[Data segment Boundary: Start]

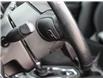 2020 Jeep Cherokee North (Stk: G23-017) in Granby - Image 23 of 30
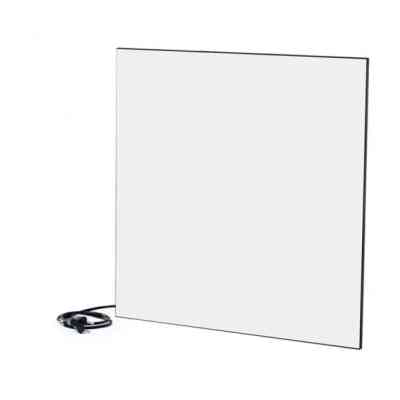 Обогреватель Grunhelm GCH-750WH Винница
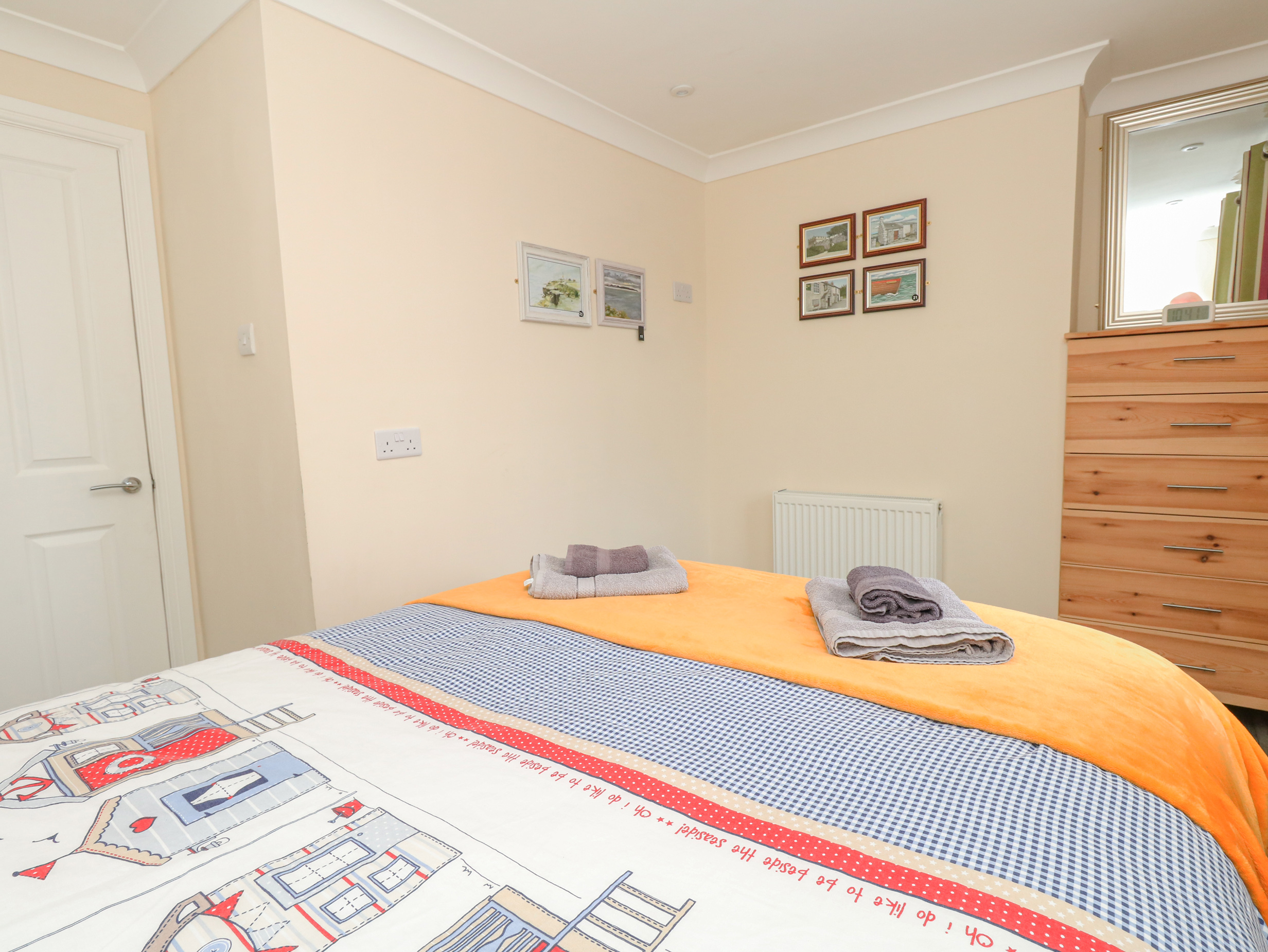 Property image 28 for SC1158103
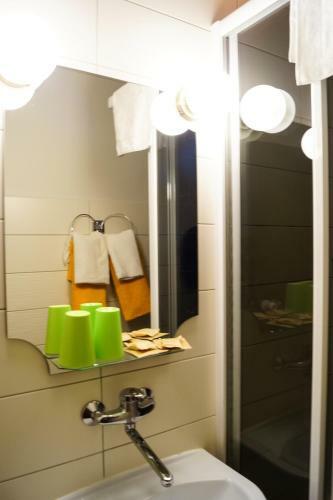Motel Smagratis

[Data segment Boundary: End]

- Task to complete -
With every picture left out, print exactly the lines from the one containing "Property image 28 for SC1158103" through the final line of the material above.

- Answer -
 Property image 28 for SC1158103
Motel Smagratis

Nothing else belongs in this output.